How your boyfriend responds to sexual sin in your relationship reveals what kind of husband he will be.
Some Christian men and women feel locked into a dating relationship, even when it’s dysfunctional, and especially after they sin sexually.
Why are unhealthy dating relationships so hard to end, especially after a couple has compromised morally? And how should Christian couples respond if they sin sexually?
God requires that men feel a peculiar responsibility for protecting and caring for women.

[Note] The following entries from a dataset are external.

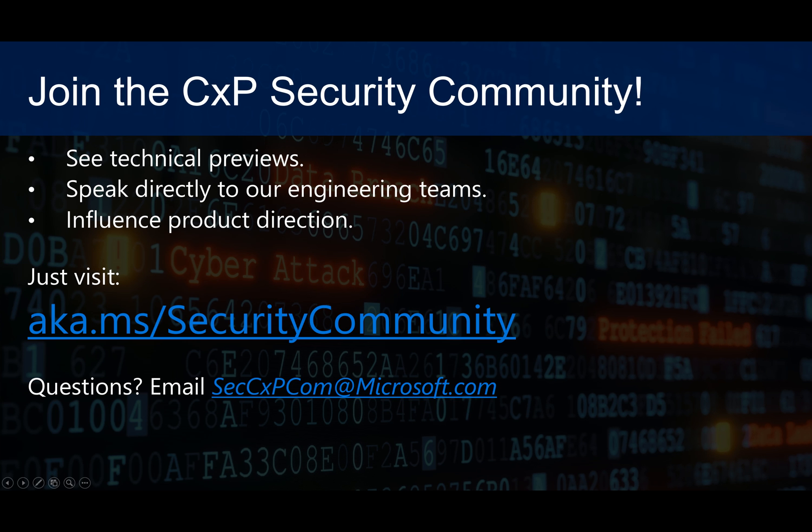I want to thank you for watching this video, and I encourage you to join the CXP security community. You can see our technical previews, speak directly to our engineering teams, myself included, and ultimately help influence our product direction. For more information, just visit aka.ms/securitycommunity. Thank you so much and have a great day.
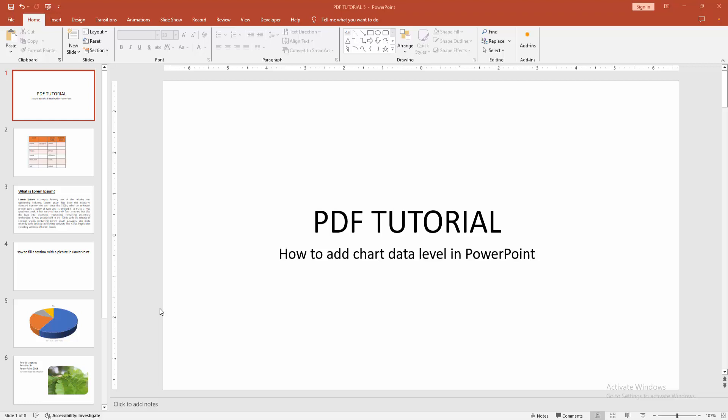In this video, I am going to show you how to add chart data labels in PowerPoint. Let's get started.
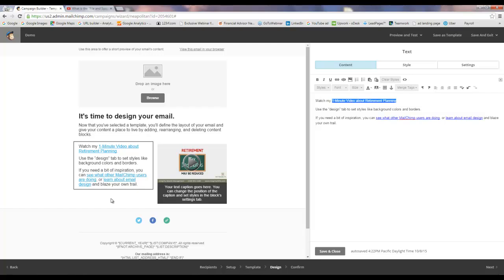You're going to get a higher open rate when you put video, the word video, in your subject line to your emails. And you're going to get a higher engagement rate. People are going to actually click on your content and watch it and engage with you and feel like they got good value from you when you include video in your emails. So please use those tips to make sure that your videos get the most bang for buck when you use them in your email marketing. Thanks.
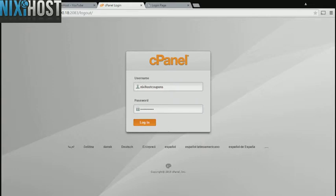This Nixie Host tutorial will show you how to install Feed on Feeds using Softaculous in cPanel. We'll begin by logging in to cPanel.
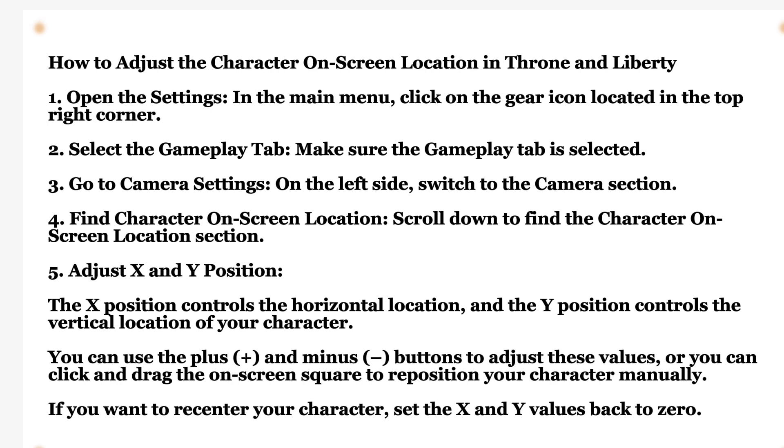On the left side, switch to the camera section. Scroll down to find the character on screen location section.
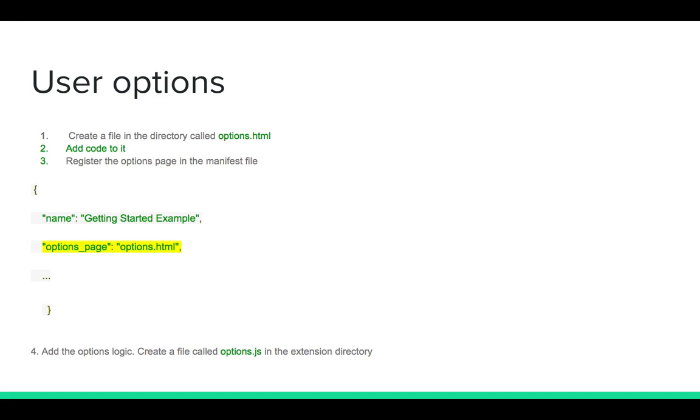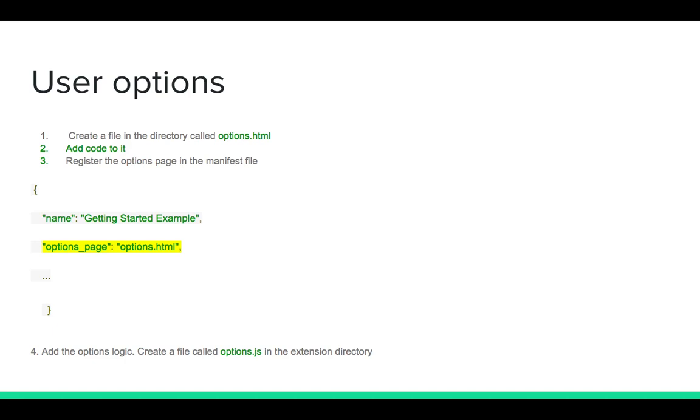The first one is to create a file called options.html and then you need to add code to it. You need to register this file inside the manifest file by using the options page key. The value will be the file which is the options.html. And the last step is adding logic by creating options.js which is a JavaScript file that will manage stuff behind the scenes.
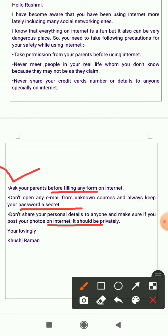At the end, write 'Lovingly, Khushi Raman' — you have to write your name because you are composing the email. And that's how you can compose an email. I hope everything is clear to all of you. Thank you everyone.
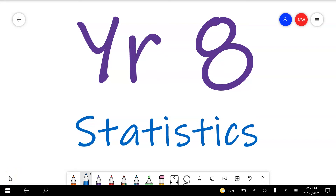This video covers the Year 8 Statistics Test Preview. Time tags are in the description below so you can skip to specific question numbers if you're following along with the test preview; otherwise there will be a description of the sorts of questions being answered for everyone else.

He calls men and women to pursue holiness, to guard the marriage bed, to do all things for his glory, including courtship, marrying, and pursuing sexual purity. He calls both men and women to protect and serve one another in complementary ways, but from the beginning, he lays a heavier burden on men.
Eve ate first from the tree of the knowledge of good and evil, and she enticed her husband to eat with her — and she received a curse for her sin (Genesis 3:16). But after dealing first with Satan, and then with Eve, God’s words of judgment culminated with Adam (Genesis 3:17–19). The woman would have pain in childbirth; the man would suffer “all the days of your life till you return to the ground” (Genesis 3: 17, 19). God expected the man to obey his voice and lovingly lead his wife to do the same — and for the man to own the greater responsibility for their failure.
To his shame, Adam not only did what God had explicitly forbidden, but then blamed Eve (and God!) for his sin: “The woman whom you gave to be with me, she gave me fruit of the tree, and I ate” (Genesis 3:12). Men, if you fail sexually in a relationship, I am pleading with you not to respond like Adam did, but to own your failure, and grieve it, and do whatever necessary to repent, protect your sister in Christ, and prepare yourself to pursue marriage with complete purity (1 Timothy 5:2).
The apostle Paul writes, “We must not indulge in sexual immorality as some of them did, and twenty-three thousand fell in a single day” (1 Corinthians 10:8). In Numbers 25, the shameless sexual sin of one couple (who was righteously speared to death) led to the death of thousands more. Did God overreact? Was the punishment excessive? We may recoil because we’ve so grown too comfortable with sin, and too indifferent before the holiness of God.
Paul says elsewhere, “This is the will of God, your sanctification: that you abstain from sexual immorality; that each one of you know how to control his own body in holiness and honor, not in the passion of lust like the Gentiles who do not know God. . . . The Lord is an avenger in all these things” (1 Thessalonians 4:3–6). Sexual sin is the opposite of God’s will for you. So, if temptation comes, run the other way. Flee as quickly as possible (1 Corinthians 6:18).
If you commit sexual sin with your girlfriend, consider taking a meaningful break from the relationship for the sake of your soul and hers, your current relationship, and your future marriage.
Reconcile with God and pray more to be sure the relationship is God’s will before you decide on the next step to take.